Respondent job types, as they typically have over the years, break down largely between art/design and production. Although this year, we saw a significant increase in respondents who also do e-media and web development work.
Companies, at least within our respondent pool, predominantly keep production and design work in-house. About 72 percent of consumer respondents say they use in-house resources, while 91.5 percent of b-to-b respondents say the same. Outsourcing, which includes agency, design/production firms, printer services and so on, has grown among consumer publishers. In last year’s survey, 13 percent said they outsourced services. This year, close to 29 percent do so. The in-house/outsource numbers for b-to-b publishers have held steady.

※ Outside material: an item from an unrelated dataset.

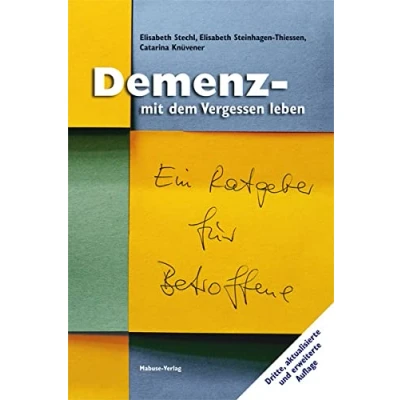 Abbildung von Demenz mit dem Vergessen leben. Ein Ratgeber für Betroffene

Of those in-house resources used, most are applied to the design and production of print products. In very similar numbers to last year’s survey, consumer and b-to-b respondents say that 76 percent and 65 percent of resources are applied to print, respectively. Although, close to 30 percent of b-to-b publishers have combined their resources for both print and apps.
Once again, smartphone production resources are very small with only 7 percent of in-house resources dedicated to smartphone content on the consumer side and 3 percent on the b-to-b side.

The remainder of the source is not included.